Master of Science (MS)

Legacy Department

Materials Science and Engineering


Richardson, Kathleen

Committee Member

Kornev , Konstantin

Committee Member

Luzinov , Igor

Committee Member

Dussauze , Marc


The results in this thesis are from our efforts to modify the optical properties of solution-derived chalcogenide glass films by the incorporation of nanomaterials. First, the composition Ge23Sb7S70 was selected as the appropriate glass matrix for testing because solution-derived films of this composition have been well-studied in our group.
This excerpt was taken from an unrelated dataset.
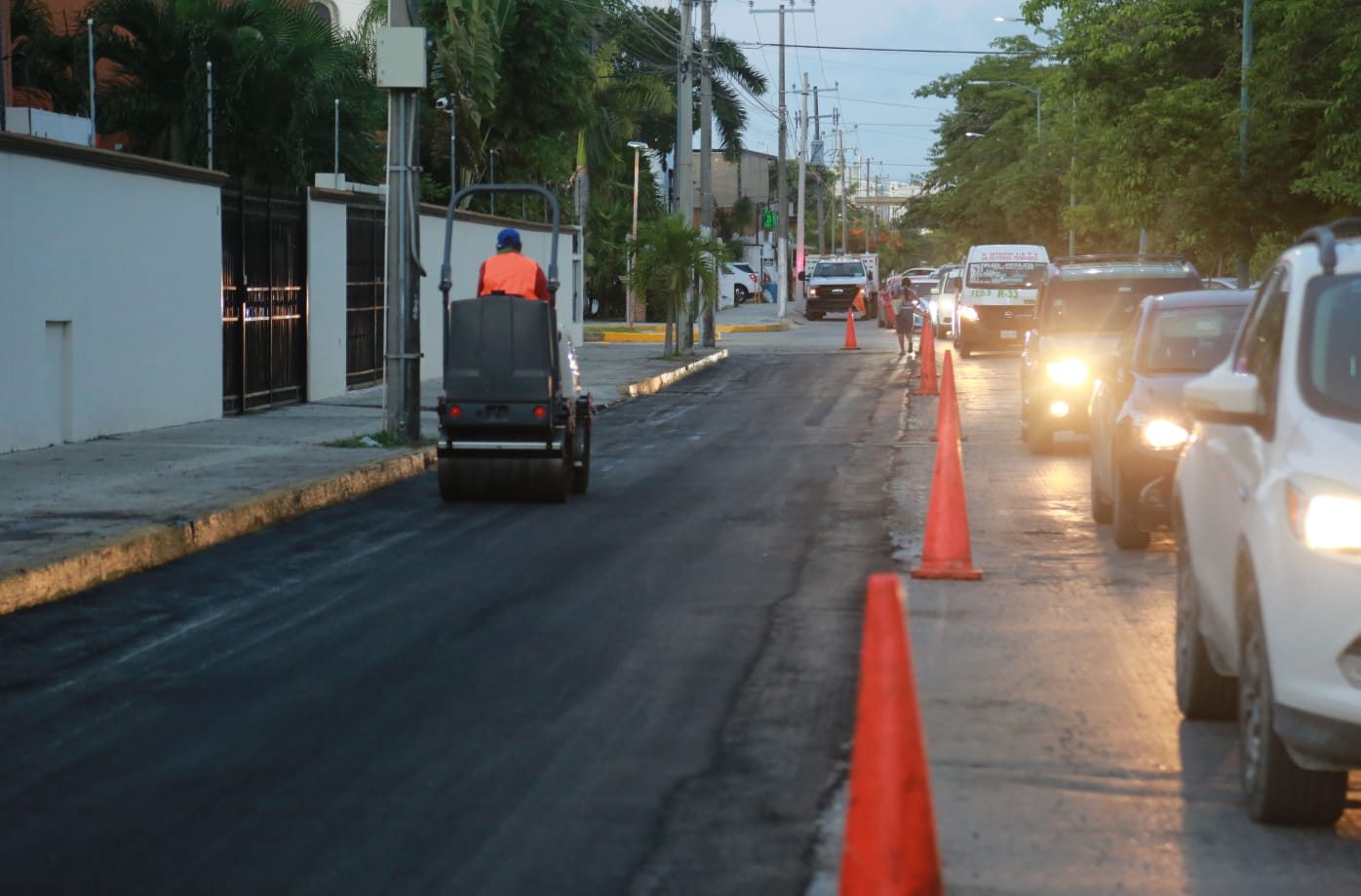 Atiende Ayuntamiento de Benito Juárez vialidades en Cancún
Additionally, this composition was found to be less sensitive to certain processing parameters than As2S3, another well-studied, candidate chalcogenide glass composition, making Ge23Sb7S70 more suitable for the addition of nanomaterials. Optimization of film process parameters was performed to obtain high-quality films appropriate for doping with nanomaterials. This consisted of determining the maximum solubility of glass in propylamine solvent to obtain films of adequate thickness, as well as optimizing the water content in the propylamine to minimize surface roughness and cracking. Two classes of nanomaterials were used to investigate the principles of doped films, spherical metallic nanoparticles (MNPs), and spherical semiconductor nanoparticles, also known as quantum dots (QDs). Gold was the particular type of MNP used, and is characterized by its surface plasmon resonance (SPR) absorption band, which is tunable and environment sensitive, and leads to interesting properties such as magneto-optic effects. Two types of QDs were used, CdSe and PbS. QDs are widely known for their high photostability and luminescence, which is tunable by varying the size of the QD. CdSe exhibits luminescence in the visible spectral region, while PbS emits in the near-infrared (NIR).
With Au nanoparticles, experiments were performed to determine the maximum nanoparticle concentration in the glass solution by utilizing UV-vis-NIR spectroscopy. Films were then deposited and characterized by their absorption spectra. In the case of QDs, solutions were not stable for long enough periods of time, so only the films deposited from the solutions could be analyzed. UV-vis-NIR spectroscopy and photoluminescence measurements were used to observe the intensity and location of the characteristic absorption and luminescence bands of the QDs. Quantum yield and luminescence lifetime were used to quantitatively characterize the behavior of the QDs in different environments when possible. Different organic ligands on the surface of the QDs were tested and compared to evaluate their effect on the behavior of the QD. The results show that small amounts of Au MNPs can be dispersed in a chalcogenide glass solution with minimal aggregation, as quantified by the absorption spectra. Comparison of the optical behavior of the films to that of the solutions showed that the concentration of Au MNPs was too low to observe the characteristic SPR band. The results of the QD testing show that luminescence can be observed from a deposited film, and that the behavior of the QDs, characterized by quantum yield and lifetime, varies greatly in different environments. Furthermore, it was found that different capping agents led to different behavior of the QDs in the glass solution, affecting the properties of the deposited film.